How do I to run the curl scraping - by a cron job once a day at a specific time? Will a single dedicated server stand this without lags? Are there any techniques to reduce the server load? And about MySQL databases: with 5,000 new rows a day the database will be huge after a single month.
If you wonder I'm building a statistics service which will show the daily growth of their pages (not talking about traffic), so as i understand i need to insert a new value per user per day.
Any suggestions will be appreciated.
5000 x 365 is only 1.8 million... nothing to worry about for the database. If you want, you can stuff the data into mongodb (need 64bit OS). This will allow you to expand and shuffle loads around to multiple machines more easily when you need to.

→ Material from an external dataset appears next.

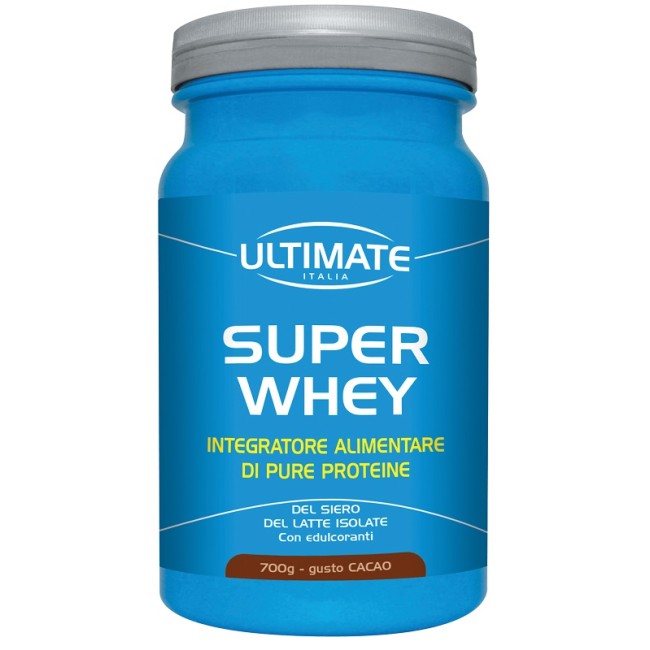 Vita Al Top Ultimate Super Whey Cioccolato Scuro 700 G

If you want to run curl non-stop until it is finished from a cron, just "nice" the process so it doesn't use too many system resources. Otherwise, you can run a script which sleeps a few seconds between each curl pull. If each scrape takes 2 seconds that would allow you to scrape 43,200 pages per 24 period. If you slept 4 sec between a 2 second pull that would let you do 14,400 pages per day (5k is 40% of 14.4k, so you should be done in half a day with 4 sec sleep between 2 sec scrape).
This seems very doable on a minimal VPS machine for the first year, at least for the first 6 months. Then, you can think about utilizing more machines.

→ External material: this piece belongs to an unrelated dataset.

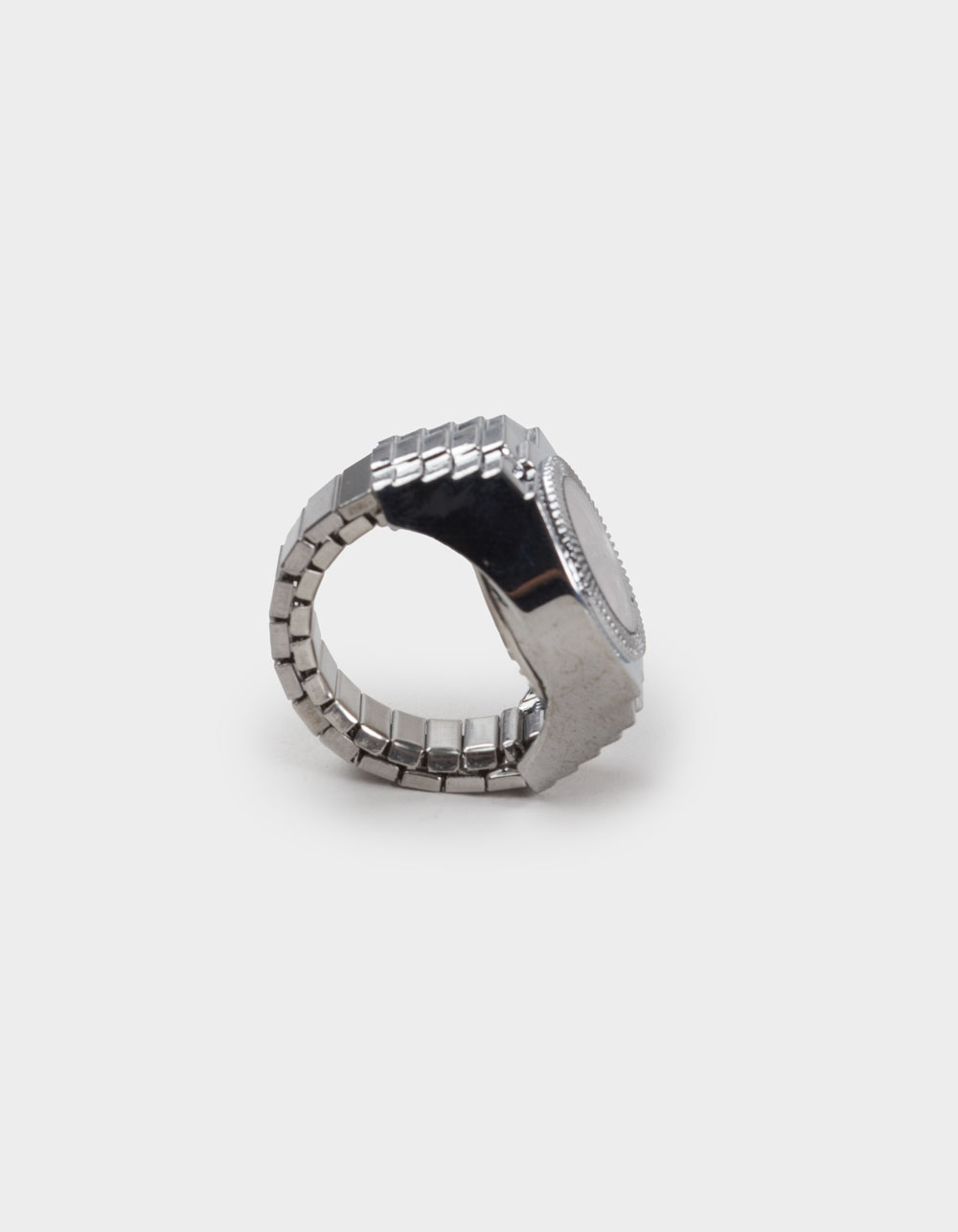 FULL TILT Watch Ring - SILVER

(edit: also, if you want you can store the binary GZIPPED scraped page source if you're worried about space)
I understand that each customer's pages need to be checked at the same time each day to make the growth stats accurate. But, do all customers need to be checked at the same time? I would divide my customers into chunks based on their ids. In this way, you could update each customer at the same time every day, but not have to do them all at once.
For the database size problem I would do two things. First, use partitions to break up the data into manageable pieces. Second, if the value did not change from one day to the next, I would not insert a new row for the page. In my processing of the data, I would then extrapolate for presentation the values of the data. UNLESS all you are storing is small bits of text. Then, I'm not sure the number of rows is going to be all that big a problem if you use proper indexing and pagination for queries.
Edit: adding a bit of an example
function do_curl($start_index,$stop_index){
// Do query here to get all pages with ids between start index and stop index
$query = "select * from db_table where id >= $start_index and id<=$stop_index";
for($i=$start_index; $i<= $stop_index; $i++;){
// do curl here
}
}
urls would look roughly like
http://xxx.example.com/do_curl?start_index=1&stop_index=10;
http://xxx.example.com/do_curl?start_index=11&stop_index=20;
The best way to deal with the growing database size is to perhaps write a single cron script that would generate the start_index and stop_index based on the number of pages you need to fetch and how often you intend to run the script.
Use multi curl and properly optimise not simply normalise your database design. If I were to run this cron job, I will try to spend time studying that is it possible to do this in chunks or not? Regarding hardware start with an average configuration, keep monitoring it and increment the hardware, CPU or Memory. Remember, there is no silver bullet.